The ultimate goal of their research, now published in the journal Nature, was to map and locate cortical regions in which emotions are encoded. Some research efforts were led by doctoral candidates Giada Lettieri and Giacomo Handjaras.

Acting out emotions we see on screen

To evoke an array of emotions from the study participants, MoMiLab’s team showed them a movie that was popular for its emotional storyline.

The authors of the study explain that experiencing others ‘ emotions, even those of actors, may cause us to respond with the same emotions or similar ones. They’re saying:

“To understand our own emotions, as well as those of others, is crucial for human social interactions. Also, witnessing facts and events of others’ life sometimes prompts inner reactions related to the beliefs, intentions, and desires of actors.”

Matching emotions with brain activity

For the study, the researchers gathered emotional reactions from scene to scene that the participants had during the film.

They asked participants to rank out six basic emotions of their responses to each scene: joy, excitement, fear, disappointment, rage, and disgust.

The participants also noticed how intense that feeling was, with a number ranging from 1 to 100.

The team used the available open science data from a German study called “study forrest,” which included brain imaging data from 15 participants ‘ fMRI scans showing which regions were involved during each scene of the same film.

The team finally analyzed the data from both experiments, contrasting the self-reported emotional measures against the data from the fMRI.

Mapping emotions encoded in the brain

Lettieri and team were able to create a topographical map by mapping the participants ‘ emotions, which measured their reactions to the film against the participants ‘ brain imaging data in Germany.

The map shows the arrangement of neuronal receptors in the body— which detects physiological emotional stimuli— with the distribution of neurons serving the same functions within the brain’s cortical sensory regions.

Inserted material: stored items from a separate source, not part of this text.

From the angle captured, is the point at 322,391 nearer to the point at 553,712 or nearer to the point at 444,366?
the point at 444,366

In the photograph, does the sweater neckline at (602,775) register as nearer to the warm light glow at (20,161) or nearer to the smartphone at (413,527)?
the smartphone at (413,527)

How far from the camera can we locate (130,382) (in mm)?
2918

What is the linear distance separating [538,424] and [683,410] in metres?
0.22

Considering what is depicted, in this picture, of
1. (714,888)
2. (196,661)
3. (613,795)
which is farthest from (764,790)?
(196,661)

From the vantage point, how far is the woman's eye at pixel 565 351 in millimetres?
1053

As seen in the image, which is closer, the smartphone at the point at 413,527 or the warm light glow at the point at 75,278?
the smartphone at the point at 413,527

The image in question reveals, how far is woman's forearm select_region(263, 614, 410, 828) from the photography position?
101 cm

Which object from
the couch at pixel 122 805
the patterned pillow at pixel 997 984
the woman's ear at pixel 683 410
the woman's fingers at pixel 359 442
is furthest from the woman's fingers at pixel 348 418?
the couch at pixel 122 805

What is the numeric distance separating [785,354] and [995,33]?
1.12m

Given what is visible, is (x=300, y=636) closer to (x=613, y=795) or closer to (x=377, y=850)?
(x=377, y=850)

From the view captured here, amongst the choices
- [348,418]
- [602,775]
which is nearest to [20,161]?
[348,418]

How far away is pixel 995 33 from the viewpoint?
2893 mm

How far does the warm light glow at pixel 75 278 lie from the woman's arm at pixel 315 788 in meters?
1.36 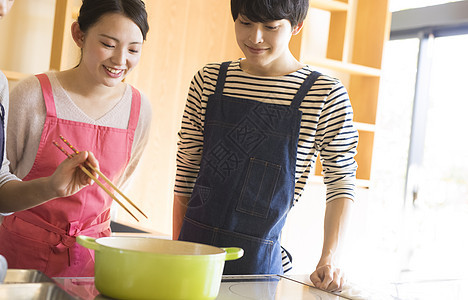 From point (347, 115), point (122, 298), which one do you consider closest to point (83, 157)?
point (122, 298)

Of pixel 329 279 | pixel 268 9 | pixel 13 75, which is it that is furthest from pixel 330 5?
pixel 329 279

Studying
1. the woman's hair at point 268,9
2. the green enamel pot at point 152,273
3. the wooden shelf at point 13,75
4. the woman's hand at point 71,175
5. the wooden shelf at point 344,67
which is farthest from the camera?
the wooden shelf at point 344,67

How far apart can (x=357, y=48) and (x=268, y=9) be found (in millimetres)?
2629

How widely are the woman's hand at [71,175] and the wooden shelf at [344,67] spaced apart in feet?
7.57

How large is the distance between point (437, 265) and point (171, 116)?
2.28 m

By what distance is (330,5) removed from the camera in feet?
11.6

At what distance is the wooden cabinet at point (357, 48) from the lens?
143 inches

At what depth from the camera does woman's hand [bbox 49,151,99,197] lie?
1.21 m

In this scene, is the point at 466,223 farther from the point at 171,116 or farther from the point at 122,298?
the point at 122,298

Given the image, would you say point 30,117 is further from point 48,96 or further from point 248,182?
point 248,182

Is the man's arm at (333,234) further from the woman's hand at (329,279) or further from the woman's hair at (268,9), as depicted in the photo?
the woman's hair at (268,9)

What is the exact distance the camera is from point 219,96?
162 cm

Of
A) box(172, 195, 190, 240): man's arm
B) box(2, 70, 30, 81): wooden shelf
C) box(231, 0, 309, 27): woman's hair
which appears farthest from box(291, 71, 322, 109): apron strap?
box(2, 70, 30, 81): wooden shelf

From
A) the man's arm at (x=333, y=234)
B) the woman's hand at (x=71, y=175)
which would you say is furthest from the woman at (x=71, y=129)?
the man's arm at (x=333, y=234) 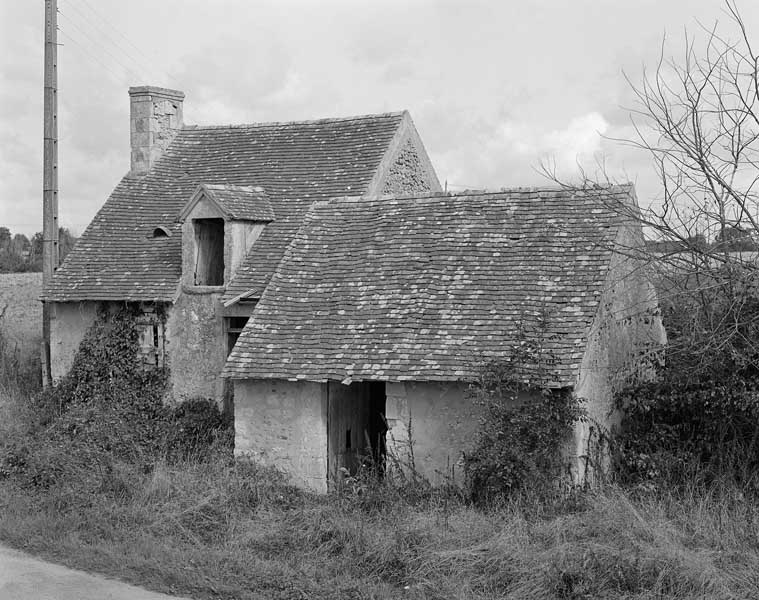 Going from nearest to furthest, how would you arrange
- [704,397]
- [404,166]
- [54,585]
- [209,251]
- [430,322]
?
1. [54,585]
2. [704,397]
3. [430,322]
4. [209,251]
5. [404,166]

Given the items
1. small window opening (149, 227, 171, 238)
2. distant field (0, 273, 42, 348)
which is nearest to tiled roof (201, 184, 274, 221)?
small window opening (149, 227, 171, 238)

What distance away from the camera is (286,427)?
44.6 ft

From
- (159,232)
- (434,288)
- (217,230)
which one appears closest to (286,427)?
(434,288)

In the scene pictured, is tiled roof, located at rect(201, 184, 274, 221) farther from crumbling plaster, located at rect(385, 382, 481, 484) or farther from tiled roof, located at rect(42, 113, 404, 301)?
crumbling plaster, located at rect(385, 382, 481, 484)

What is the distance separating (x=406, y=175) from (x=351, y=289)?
5.97m

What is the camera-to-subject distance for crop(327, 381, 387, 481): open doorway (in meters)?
13.7

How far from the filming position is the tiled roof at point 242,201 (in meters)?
16.8

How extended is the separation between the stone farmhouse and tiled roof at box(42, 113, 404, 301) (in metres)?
0.04

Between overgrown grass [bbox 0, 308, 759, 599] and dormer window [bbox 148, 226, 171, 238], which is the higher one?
dormer window [bbox 148, 226, 171, 238]

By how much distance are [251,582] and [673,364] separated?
703cm

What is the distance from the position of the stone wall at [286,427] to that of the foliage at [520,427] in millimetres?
2502

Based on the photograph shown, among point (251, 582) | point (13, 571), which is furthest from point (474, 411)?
point (13, 571)

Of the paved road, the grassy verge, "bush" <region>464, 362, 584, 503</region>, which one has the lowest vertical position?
the paved road

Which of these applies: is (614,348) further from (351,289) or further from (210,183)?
(210,183)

This provided a picture of where the brain encodes certain bodily sensations.

Lettieri and Handjaras called this process “emotionotopy,” in keeping with the related retinotopy technique. This refers to the mapping of how visual data is represented within the brain.

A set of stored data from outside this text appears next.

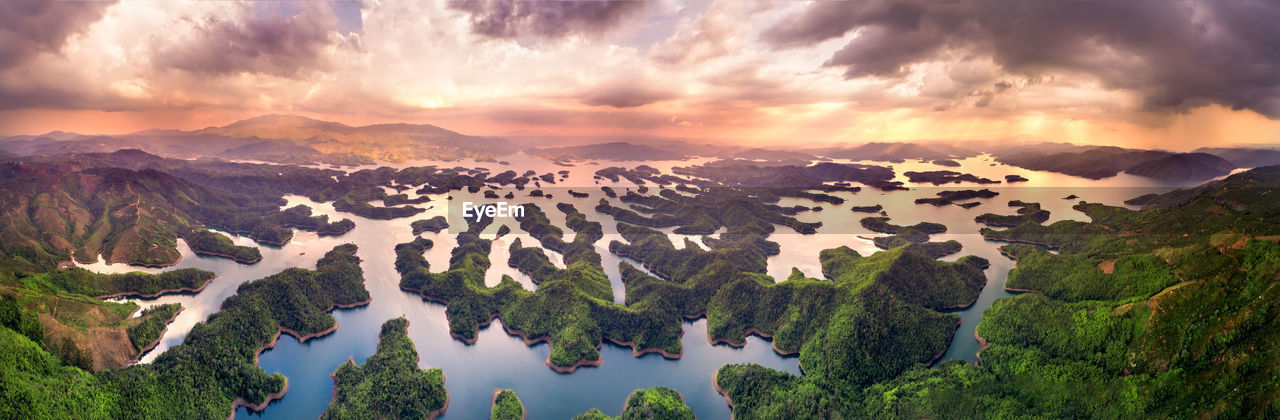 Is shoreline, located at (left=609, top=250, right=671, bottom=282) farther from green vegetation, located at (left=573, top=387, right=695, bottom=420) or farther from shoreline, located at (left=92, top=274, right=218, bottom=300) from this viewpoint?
shoreline, located at (left=92, top=274, right=218, bottom=300)

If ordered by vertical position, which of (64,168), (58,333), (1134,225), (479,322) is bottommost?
(479,322)

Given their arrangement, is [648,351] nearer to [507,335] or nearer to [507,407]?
[507,407]

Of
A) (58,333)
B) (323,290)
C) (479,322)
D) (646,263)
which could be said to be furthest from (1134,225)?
(58,333)

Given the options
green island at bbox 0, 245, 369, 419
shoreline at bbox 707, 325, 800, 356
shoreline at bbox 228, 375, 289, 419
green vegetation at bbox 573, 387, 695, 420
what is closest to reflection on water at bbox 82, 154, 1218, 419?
shoreline at bbox 228, 375, 289, 419

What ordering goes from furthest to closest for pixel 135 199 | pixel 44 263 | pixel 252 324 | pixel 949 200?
Result: pixel 949 200 → pixel 135 199 → pixel 44 263 → pixel 252 324

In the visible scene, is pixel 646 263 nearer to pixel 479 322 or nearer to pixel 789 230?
pixel 479 322

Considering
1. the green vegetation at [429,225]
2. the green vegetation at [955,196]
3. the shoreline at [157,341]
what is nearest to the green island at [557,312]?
the shoreline at [157,341]

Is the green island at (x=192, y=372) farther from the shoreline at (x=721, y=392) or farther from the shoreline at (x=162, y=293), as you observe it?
the shoreline at (x=721, y=392) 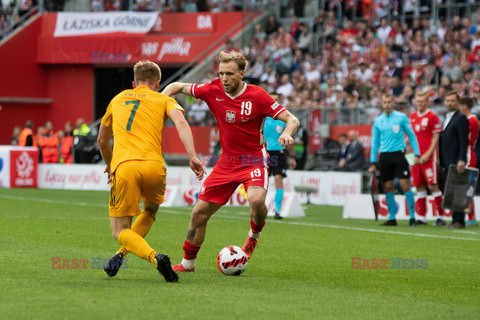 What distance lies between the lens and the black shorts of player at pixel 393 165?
52.0ft

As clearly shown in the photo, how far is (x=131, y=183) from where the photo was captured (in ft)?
26.1

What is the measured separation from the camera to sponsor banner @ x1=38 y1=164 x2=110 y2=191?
88.4 ft

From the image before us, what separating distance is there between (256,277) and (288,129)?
4.74 feet

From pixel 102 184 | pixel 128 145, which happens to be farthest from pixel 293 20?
pixel 128 145

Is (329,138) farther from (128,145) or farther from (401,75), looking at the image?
(128,145)

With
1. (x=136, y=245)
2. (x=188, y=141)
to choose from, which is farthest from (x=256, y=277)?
(x=188, y=141)

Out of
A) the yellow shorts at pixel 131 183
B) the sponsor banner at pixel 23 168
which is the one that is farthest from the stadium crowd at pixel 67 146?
the yellow shorts at pixel 131 183

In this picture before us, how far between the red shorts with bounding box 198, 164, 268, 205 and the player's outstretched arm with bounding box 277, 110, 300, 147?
0.56 meters

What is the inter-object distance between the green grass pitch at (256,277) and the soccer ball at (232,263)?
0.31 feet

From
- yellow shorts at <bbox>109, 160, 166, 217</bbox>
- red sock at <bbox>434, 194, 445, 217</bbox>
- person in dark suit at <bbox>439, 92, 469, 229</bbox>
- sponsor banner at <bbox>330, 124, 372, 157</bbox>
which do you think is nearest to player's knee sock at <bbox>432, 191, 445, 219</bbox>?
red sock at <bbox>434, 194, 445, 217</bbox>

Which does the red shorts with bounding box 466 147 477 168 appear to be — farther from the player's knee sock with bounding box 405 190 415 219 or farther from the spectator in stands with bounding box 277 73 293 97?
the spectator in stands with bounding box 277 73 293 97

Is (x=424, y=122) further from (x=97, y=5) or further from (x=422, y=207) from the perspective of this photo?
(x=97, y=5)

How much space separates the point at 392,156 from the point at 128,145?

Three gradients of emotion

The IMT team discovered that emotions were encoded within three separate but overlapping gradients by comparing the behavioral ratings with the fMRI scans:

  • Polarity. This refers to the opposing measures of positive or negative feeling states.
  • Complexity. This refers to the amount of variance between emotions when they combine.
  • Intensity. This refers, for example, to the arousal level of each experienced emotion.

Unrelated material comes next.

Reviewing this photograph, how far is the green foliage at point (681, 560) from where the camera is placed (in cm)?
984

Within a particular area of the brain, the researchers mapped these emotional experiences: the right temporoparietal cortex.

The researchers were able to unveil the spatial structures of specific emotions as well as the perceived intensities of those emotions within the brain, armed with the data from the specific moments an emotion was activated.

Connecting feeling states to biology

This study shows how open science data can be used to free up resources and energy to find new ground.

The team has been able to focus their efforts on developing a unique approach to detecting and finding where feelings are represented in the brain by carrying out their own fMRI research.

The research also gives further insight into how psychology and biology interact inside the body.

These results also have real-world consequences for people with mental health problems, states co-author Pietro Pietrini reported.

“Dissecting the brain correlates of elementary factors that modulate our emotional intensity and quality has major implications for understanding what happens when emotions[ become pathological], as in[ the] case of depression and phobia,” Pietrini states.

“These studies are getting psychiatry closer to other fields of medicine in finding objective biological correlates of feelings, which are subjective states.”